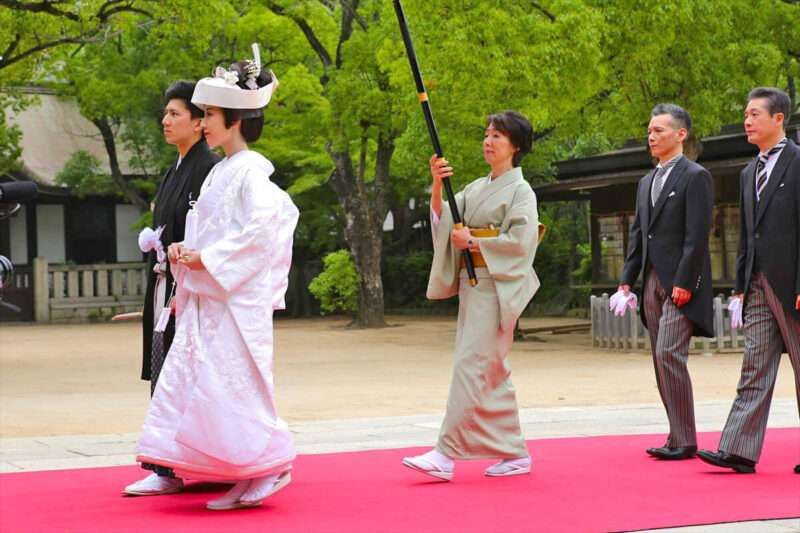 湊川神社 楠公会館　本殿参進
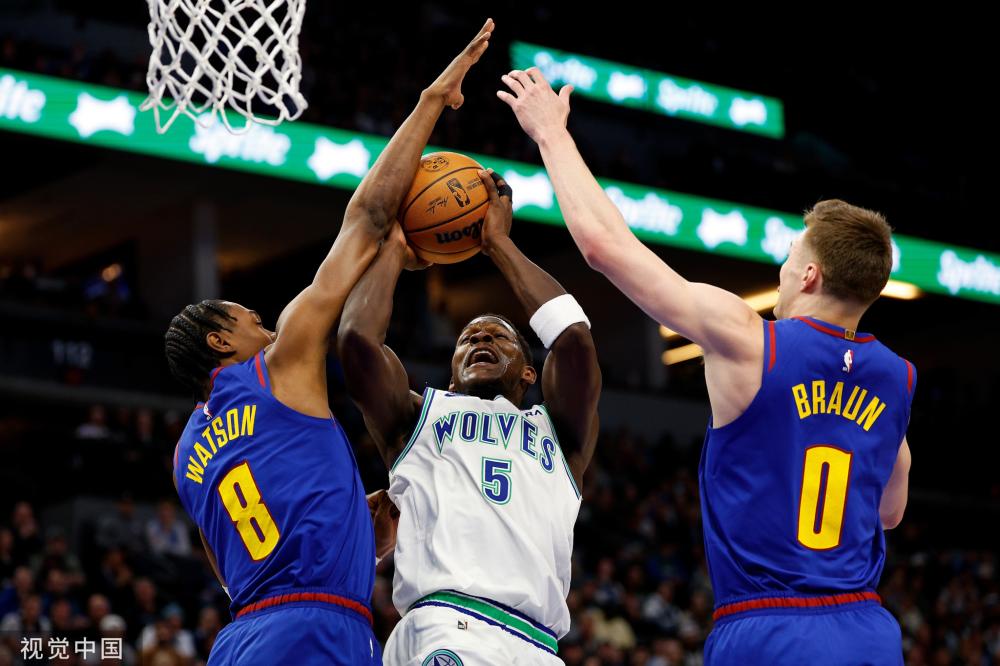 在中场控制 在中场控制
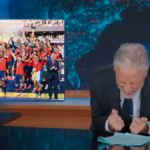 Jon Stewart critica a persistente foto da final da Copa do Mundo de Trump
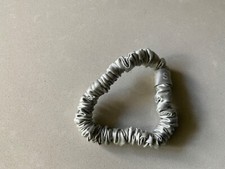 SLIP Silk Skinnie Hair Tie Scrunchie Light Gray / SilverMedium New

====

▶ **EXERCISE DESCRIPTION**
Write the listing out again in full and unchanged, minus any pictures.

▶ **ANSWER SPACE**
 湊川神社 楠公会館　本殿参進
 在中场控制 在中场控制
 Jon Stewart critica a persistente foto da final da Copa do Mundo de Trump
 SLIP Silk Skinnie Hair Tie Scrunchie Light Gray / SilverMedium New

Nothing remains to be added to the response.